Let's split our $x$ values into cases. When $x$ is in the range $0$ through $1,$ $1$ through $2,$ and so on all the way to $10.$
Testing out the first $5$ cases, we get:
\begin{align*} x \in [0, 1] \text{ there are $0$ values missing.} \\ x \in [1, 2] \text{ there are $2$ values missing.} \\ x \in [2, 3] \text{ there are $3$ values missing.} \\ x \in [3, 4] \text{ there are $4$ values missing.} \\ x \in [4, 5] \text{ there are $5$ values missing.} \\ \end{align*}
We can see that our missing values are going up in increments by $1.$
Hence, our solution is \begin{align*} &101-(0+2+3+4+5+6+7+8+9+10) \\ &=101-54 \\ &=\boxed{47}. \\ \end{align*}
Would this be the correct way to go?
I tried to see the problem otherwise to see if I would come to the same conclusion.

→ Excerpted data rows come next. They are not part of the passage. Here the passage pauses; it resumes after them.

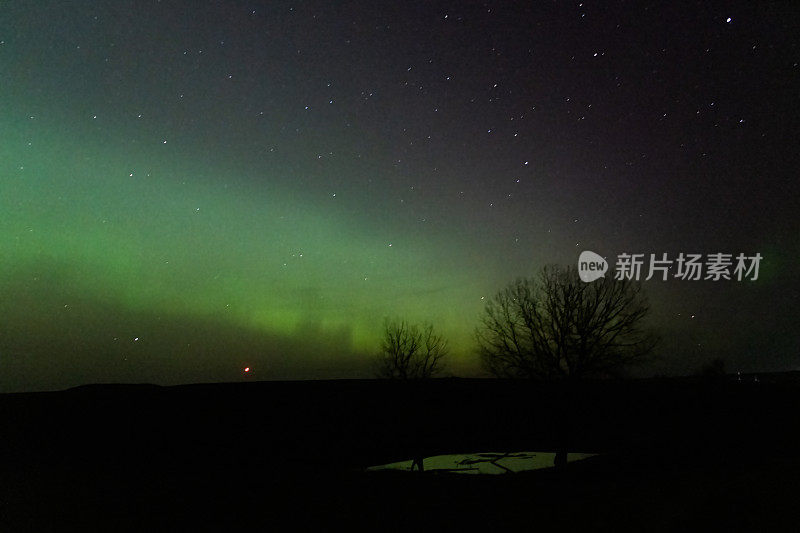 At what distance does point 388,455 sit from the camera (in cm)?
1922

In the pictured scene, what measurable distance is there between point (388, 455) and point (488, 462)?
382cm

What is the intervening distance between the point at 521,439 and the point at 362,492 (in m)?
14.1

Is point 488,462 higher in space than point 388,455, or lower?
higher

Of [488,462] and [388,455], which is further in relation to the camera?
[388,455]

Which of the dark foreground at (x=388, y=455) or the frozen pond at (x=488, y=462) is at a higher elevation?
the dark foreground at (x=388, y=455)

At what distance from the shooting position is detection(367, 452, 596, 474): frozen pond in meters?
17.1

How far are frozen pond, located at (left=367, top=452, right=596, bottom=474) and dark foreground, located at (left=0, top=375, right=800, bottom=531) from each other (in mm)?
612

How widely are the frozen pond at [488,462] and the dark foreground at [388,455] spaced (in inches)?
24.1

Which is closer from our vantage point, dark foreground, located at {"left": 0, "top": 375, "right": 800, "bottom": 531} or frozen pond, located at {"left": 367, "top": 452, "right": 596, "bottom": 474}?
dark foreground, located at {"left": 0, "top": 375, "right": 800, "bottom": 531}

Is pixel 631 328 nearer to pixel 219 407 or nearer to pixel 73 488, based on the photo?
pixel 219 407

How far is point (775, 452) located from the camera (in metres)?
11.8

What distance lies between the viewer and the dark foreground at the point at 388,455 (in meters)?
6.28

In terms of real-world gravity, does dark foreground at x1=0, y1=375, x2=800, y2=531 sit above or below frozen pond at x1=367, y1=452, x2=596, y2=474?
above

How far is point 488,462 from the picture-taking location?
1788cm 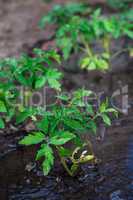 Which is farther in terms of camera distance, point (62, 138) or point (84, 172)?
point (84, 172)

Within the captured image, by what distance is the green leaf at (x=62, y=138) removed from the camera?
9.71 feet

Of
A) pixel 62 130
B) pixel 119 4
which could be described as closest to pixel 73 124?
pixel 62 130

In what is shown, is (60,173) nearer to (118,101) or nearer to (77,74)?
(118,101)

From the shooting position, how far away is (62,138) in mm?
2988

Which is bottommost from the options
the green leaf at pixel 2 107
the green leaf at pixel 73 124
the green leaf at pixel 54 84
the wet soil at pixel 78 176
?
the wet soil at pixel 78 176

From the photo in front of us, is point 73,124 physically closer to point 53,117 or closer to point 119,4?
point 53,117

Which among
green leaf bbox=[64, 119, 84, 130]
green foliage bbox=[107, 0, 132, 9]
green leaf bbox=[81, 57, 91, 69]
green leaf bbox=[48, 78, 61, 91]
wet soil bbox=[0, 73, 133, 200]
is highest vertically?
green foliage bbox=[107, 0, 132, 9]

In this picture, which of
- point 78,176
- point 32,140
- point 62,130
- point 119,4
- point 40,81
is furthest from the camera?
point 119,4

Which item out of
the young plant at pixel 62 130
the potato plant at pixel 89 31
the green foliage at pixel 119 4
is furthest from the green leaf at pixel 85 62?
the young plant at pixel 62 130

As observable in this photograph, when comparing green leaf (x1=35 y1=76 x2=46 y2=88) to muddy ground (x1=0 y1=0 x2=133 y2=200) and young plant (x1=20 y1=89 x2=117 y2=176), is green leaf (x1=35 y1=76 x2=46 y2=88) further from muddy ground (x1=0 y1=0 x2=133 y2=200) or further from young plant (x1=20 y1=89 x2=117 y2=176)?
muddy ground (x1=0 y1=0 x2=133 y2=200)

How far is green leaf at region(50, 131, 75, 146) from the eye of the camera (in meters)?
2.96

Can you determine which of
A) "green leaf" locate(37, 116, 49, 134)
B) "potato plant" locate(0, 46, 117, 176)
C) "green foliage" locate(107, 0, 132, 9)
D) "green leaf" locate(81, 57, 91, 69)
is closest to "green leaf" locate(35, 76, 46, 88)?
"potato plant" locate(0, 46, 117, 176)

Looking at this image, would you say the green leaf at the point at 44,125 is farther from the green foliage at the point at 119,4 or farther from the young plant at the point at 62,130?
the green foliage at the point at 119,4

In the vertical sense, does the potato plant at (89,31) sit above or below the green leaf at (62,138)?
above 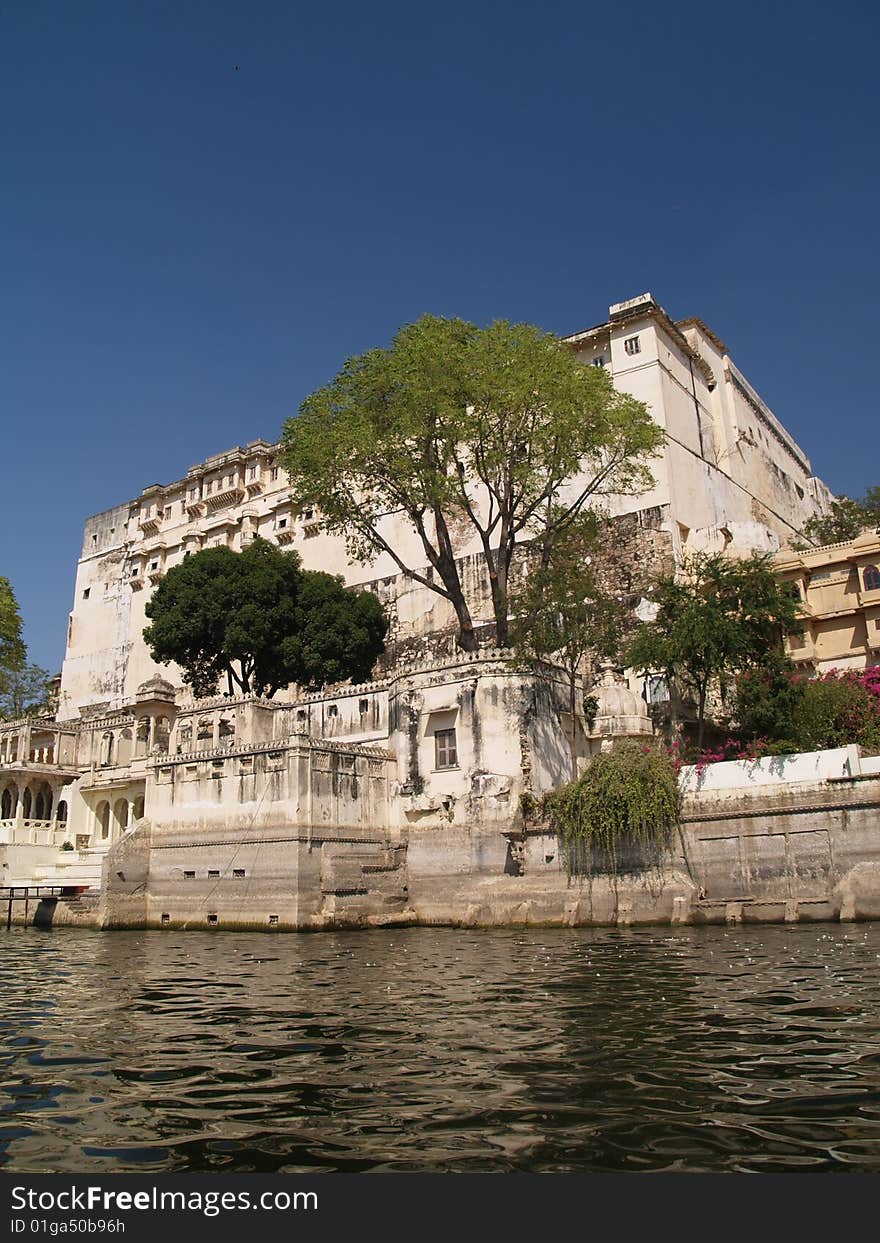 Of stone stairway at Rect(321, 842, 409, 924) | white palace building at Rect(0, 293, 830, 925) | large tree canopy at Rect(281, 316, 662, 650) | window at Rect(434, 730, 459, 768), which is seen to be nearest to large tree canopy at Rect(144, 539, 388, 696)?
white palace building at Rect(0, 293, 830, 925)

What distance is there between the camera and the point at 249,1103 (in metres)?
6.88

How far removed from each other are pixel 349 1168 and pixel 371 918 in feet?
67.9

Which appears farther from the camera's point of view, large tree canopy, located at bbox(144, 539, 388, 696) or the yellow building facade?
large tree canopy, located at bbox(144, 539, 388, 696)

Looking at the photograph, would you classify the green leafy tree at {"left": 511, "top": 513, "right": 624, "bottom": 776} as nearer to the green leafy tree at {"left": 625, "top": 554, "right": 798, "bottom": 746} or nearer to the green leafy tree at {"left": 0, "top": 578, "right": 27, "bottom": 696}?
the green leafy tree at {"left": 625, "top": 554, "right": 798, "bottom": 746}

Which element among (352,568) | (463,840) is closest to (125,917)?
(463,840)

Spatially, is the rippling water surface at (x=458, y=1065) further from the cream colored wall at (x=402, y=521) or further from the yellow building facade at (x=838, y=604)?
the cream colored wall at (x=402, y=521)

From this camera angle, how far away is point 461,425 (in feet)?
95.7

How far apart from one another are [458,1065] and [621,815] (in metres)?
16.0

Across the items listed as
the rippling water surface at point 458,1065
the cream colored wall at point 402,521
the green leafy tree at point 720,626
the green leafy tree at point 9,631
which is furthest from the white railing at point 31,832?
the green leafy tree at point 720,626

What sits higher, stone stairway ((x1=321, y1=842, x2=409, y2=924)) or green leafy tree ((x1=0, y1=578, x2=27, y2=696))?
green leafy tree ((x1=0, y1=578, x2=27, y2=696))

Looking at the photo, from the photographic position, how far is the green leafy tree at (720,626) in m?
27.2

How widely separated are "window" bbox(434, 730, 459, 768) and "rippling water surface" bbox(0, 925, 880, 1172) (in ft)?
38.8

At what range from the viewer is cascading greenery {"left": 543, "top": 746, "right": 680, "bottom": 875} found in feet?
76.4

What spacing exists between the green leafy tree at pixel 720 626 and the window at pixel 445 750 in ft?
19.2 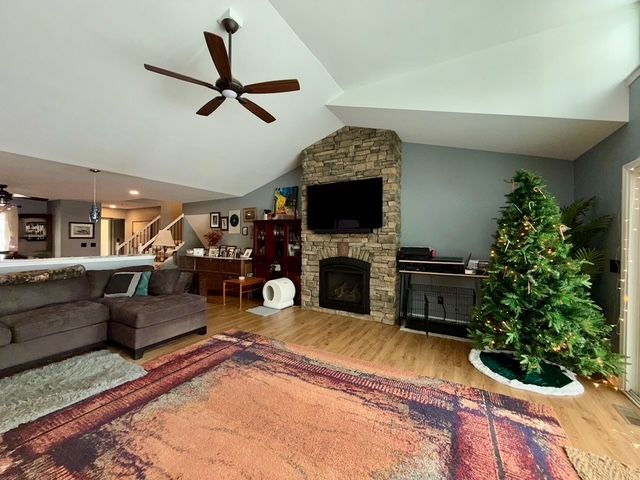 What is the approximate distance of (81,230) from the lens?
7.45m

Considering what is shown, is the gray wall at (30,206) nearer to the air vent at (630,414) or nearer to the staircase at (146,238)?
the staircase at (146,238)

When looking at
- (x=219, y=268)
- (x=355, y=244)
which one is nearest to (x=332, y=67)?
(x=355, y=244)

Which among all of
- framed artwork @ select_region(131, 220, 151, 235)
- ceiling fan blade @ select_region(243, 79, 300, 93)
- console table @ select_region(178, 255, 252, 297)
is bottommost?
console table @ select_region(178, 255, 252, 297)

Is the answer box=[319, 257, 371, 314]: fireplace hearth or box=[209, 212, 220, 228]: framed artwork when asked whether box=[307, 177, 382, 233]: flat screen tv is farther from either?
box=[209, 212, 220, 228]: framed artwork

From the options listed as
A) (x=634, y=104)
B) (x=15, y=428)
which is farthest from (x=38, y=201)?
(x=634, y=104)

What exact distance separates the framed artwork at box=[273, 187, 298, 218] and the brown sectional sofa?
102 inches

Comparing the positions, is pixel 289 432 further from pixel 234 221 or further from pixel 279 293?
pixel 234 221

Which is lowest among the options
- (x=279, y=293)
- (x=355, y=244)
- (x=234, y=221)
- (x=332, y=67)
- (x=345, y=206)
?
(x=279, y=293)

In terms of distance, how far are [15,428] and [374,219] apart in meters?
4.12

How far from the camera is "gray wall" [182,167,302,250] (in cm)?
567

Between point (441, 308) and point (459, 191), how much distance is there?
6.05ft

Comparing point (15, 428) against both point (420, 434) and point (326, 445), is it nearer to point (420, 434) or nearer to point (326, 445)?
point (326, 445)

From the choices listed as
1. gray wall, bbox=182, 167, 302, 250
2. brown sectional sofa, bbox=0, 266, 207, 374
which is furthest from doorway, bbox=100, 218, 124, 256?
brown sectional sofa, bbox=0, 266, 207, 374

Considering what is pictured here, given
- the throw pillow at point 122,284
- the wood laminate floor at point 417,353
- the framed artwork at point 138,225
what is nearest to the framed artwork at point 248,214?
the wood laminate floor at point 417,353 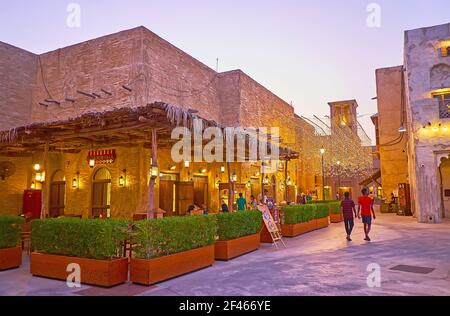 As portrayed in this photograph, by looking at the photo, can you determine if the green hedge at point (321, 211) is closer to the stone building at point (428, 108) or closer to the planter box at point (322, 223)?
the planter box at point (322, 223)

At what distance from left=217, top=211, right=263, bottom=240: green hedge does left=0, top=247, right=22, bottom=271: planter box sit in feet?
16.2

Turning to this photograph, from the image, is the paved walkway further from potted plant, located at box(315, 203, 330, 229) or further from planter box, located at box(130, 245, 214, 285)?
potted plant, located at box(315, 203, 330, 229)

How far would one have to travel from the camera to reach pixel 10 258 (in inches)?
327

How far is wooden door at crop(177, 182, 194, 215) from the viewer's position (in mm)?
17500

Same starting point as you, we will separate the values of $x$.
If $n\leq x<n+1$, then $$\lfloor x\lfloor x\rfloor\rfloor=\lfloor xn \rfloor$$ For $0\leq x<1$, the function is always $0$, so one possible value.
If $1\leq n<10$ then $$n^2\leq\lfloor xn\rfloor <n(n+1)=n^2+n$$ The number of possible values for the function is $n^2+n-n^2=n$.
Finally, if $n=10$, $f(10)=100$, one possible value.
The number of possible values is $$1+1+2+3+4+5+6+7+8+9+1=47$$ I used a different path and came to the same answer. So you are right.